# OpenCode Server Credential Redact Cycle

## The Bug

OpenCode server (v1.17.4) reads API keys from credential/config files on startup, stores them in process memory, then **overwrites the files with `***`** (redaction). On the next server restart, it reads `***` and sends that to the provider → **"Missing Authentication header"**.

**Affected files:**
- `~/.local/share/opencode/auth.json` — server credential store
- `~/.config/opencode/opencode.json` — CLI config (`provider.*.options.apiKey`)
- `~/.hermes/.env` — if OpenCode wrote `***` to environment file

**auth.json format:**
```json
{
  "providers": {
    "openrouter": { "apiKey": "***" },
    "deepseek": { "apiKey": "***" }
  }
}
```

## Trigger

Any server restart causes the cycle.
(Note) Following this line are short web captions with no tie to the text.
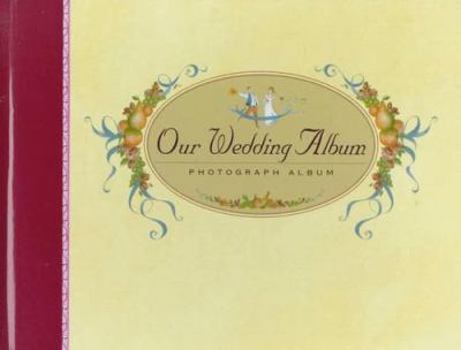 Hardcover A Wedding Keepsake: A Personal Journal and Photograph Album Book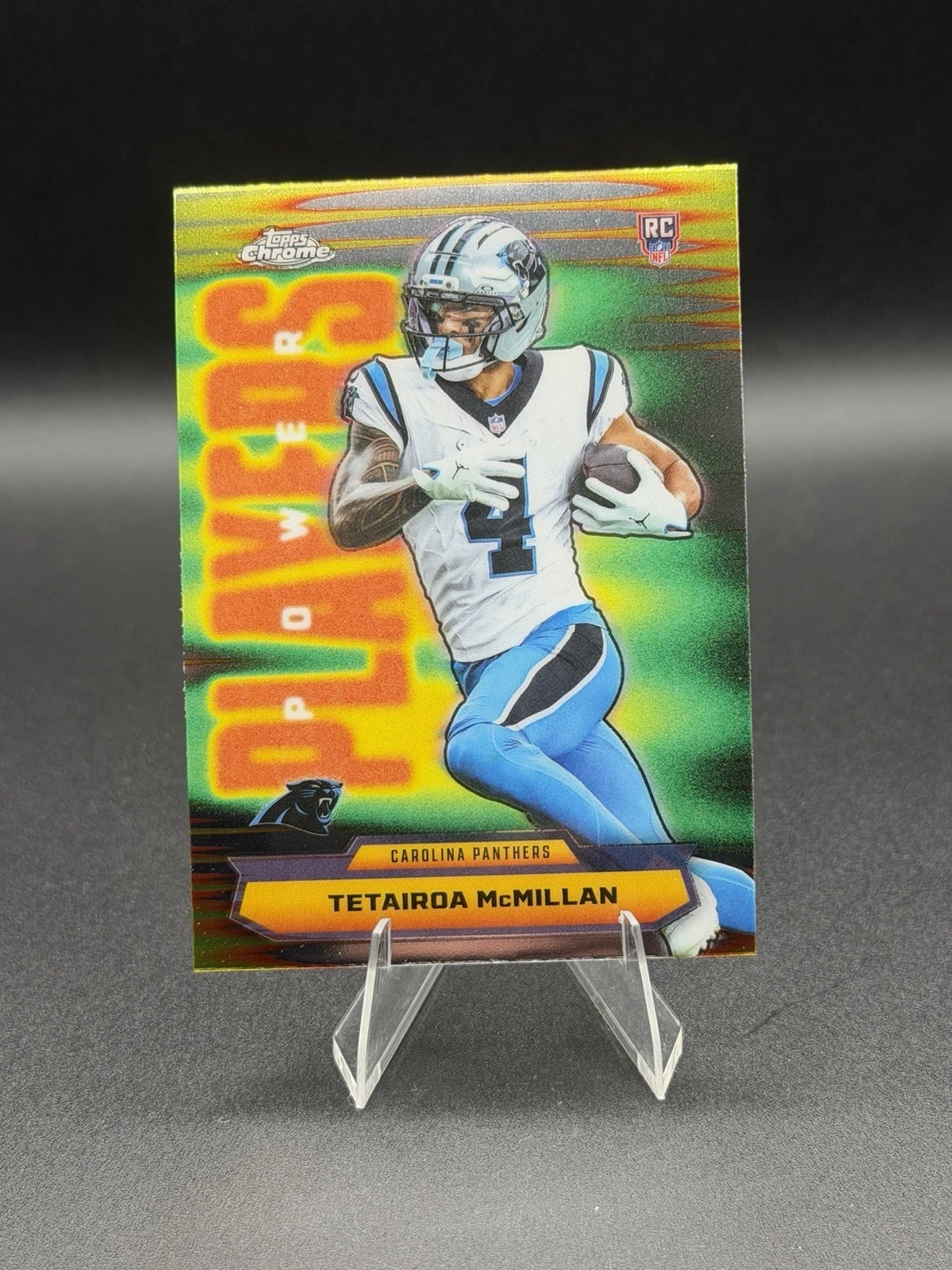 Tetairoa McMillan 2025 Topps Chrome Football card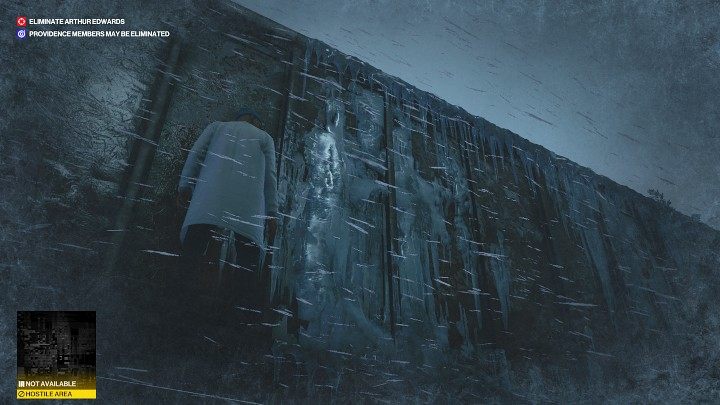 Trzymając się ściany wagonu kolejowego, przesuwaj się w stronę następnego wagonu - Hitman 3: Arthur Edwards - jak zabić? Carpathian Mountains, solucja - Hitman 3 - poradnik, solucja
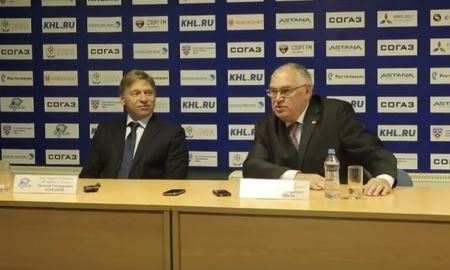 Видео послематчевой пресс-конференции игры КХЛ «Барыс» — «Металлург» Новокузнецк 4:2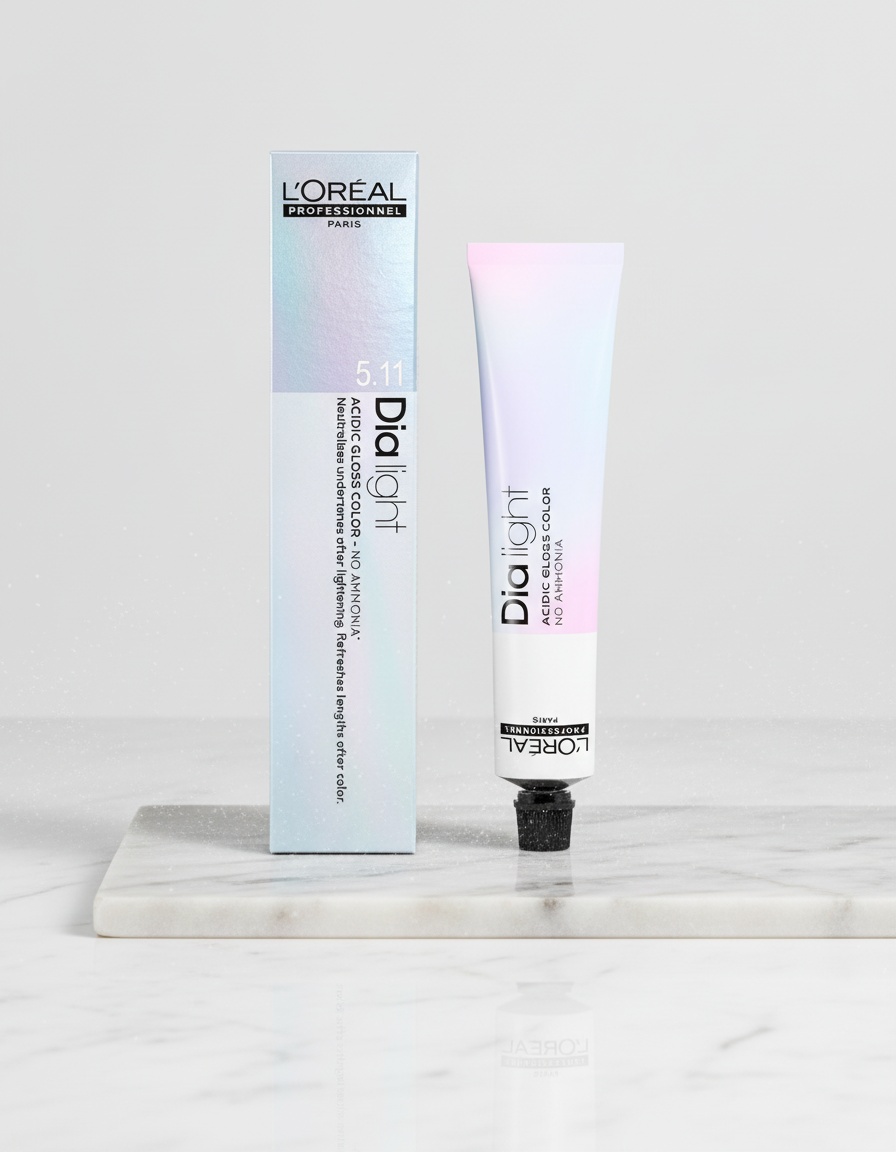 L'orÉal professionnel paris DIA LIGHT gel-creme acide sans amoniaque #10,01 50 ml - Afbeelding 2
Common restart causes:
- SIGTERM from systemd, service stop/start
- Manual kill + restart
- System reboot
- Process supervisor restarting after crash

## Full Diagnosis Path

1. **Observe server logs** — look for `error.error="AI_APICallError: Missing Authentication header"` in the output
2. **Check auth.json** — `cat ~/.local/share/opencode/auth.json` → all keys show `***`
3. **Check config** — `cat ~/.config/opencode/opencode.json | python3 -c "import json,sys; c=json.load(sys.stdin); print(c.get('provider',{}).get('openrouter',{}).get('options',{}).get('apiKey','N/A'))"` → `***`
4. **Confirm server binary type** — `file $(which opencode)` → ELF 64-bit Go binary (NOT npm source to patch)
5. **Check for env var support** — `strings /usr/local/lib/node_modules/opencode-ai/bin/opencode.exe | grep -i "OPENROUTER_API_KEY\|OPENAI_API"` → empty (no env var support coded)
6. **Check credential DB table** — `sqlite3 ~/.local/share/opencode/opencode.db "SELECT * FROM credential"` → typically empty

Research path: browse the archived GitHub repo (opencode-ai/opencode) for credential handling code in `internal/` packages.

## The Fix

1. **Stop the server** — `kill $(pgrep -f 'opencode serve')`  or `sudo systemctl stop opencode-server`
2. **Write full API keys to auth.json** (before starting!):
```json
{
  "providers": {
    "openrouter": { "apiKey": "sk-or-...REALKEY" },
    "deepseek": { "apiKey": "sk-...REALKEY" }
  }
}
```
3. **Also write to opencode.json** if it's also `***`:
   - `provider.openrouter.options.apiKey`
   - `provider.deepseek.options.apiKey`
4. **Start the server once** — `opencode serve --port 4096 --hostname 0.0.0.0`
5. **Verify** — `opencode models openrouter 2>/dev/null | grep nex` should return models without auth errors
6. **Do NOT restart the server** — the keys live only in process memory after startup

## Alternative: API Key as Request Body

The server's auth check follows this priority (from reverse-engineered JS):
```
request.body.apiKey ?? settings.apiKey ?? env_var
```
The `request.body.apiKey` path means you could also pass the key in each API request body, but that requires modifying every client call.

## Pitfalls

- **Writing keys to the file while the server is running has no effect** — it already read the old `***` values. Must stop first.
- **Restarting to apply any config change triggers the redact cycle** — plan for zero restarts once running.
- **Multiple consecutive restarts (exit 143 SIGTERM)** compound the problem — each restart re-reads `***`.
- **Server does NOT support environment variables** (OPENROUTER_API_KEY etc.) — checked via `strings` on the binary. Must use auth.json.
- **The credential table in the SQLite DB is separate from auth.json** — auth.json is the active store.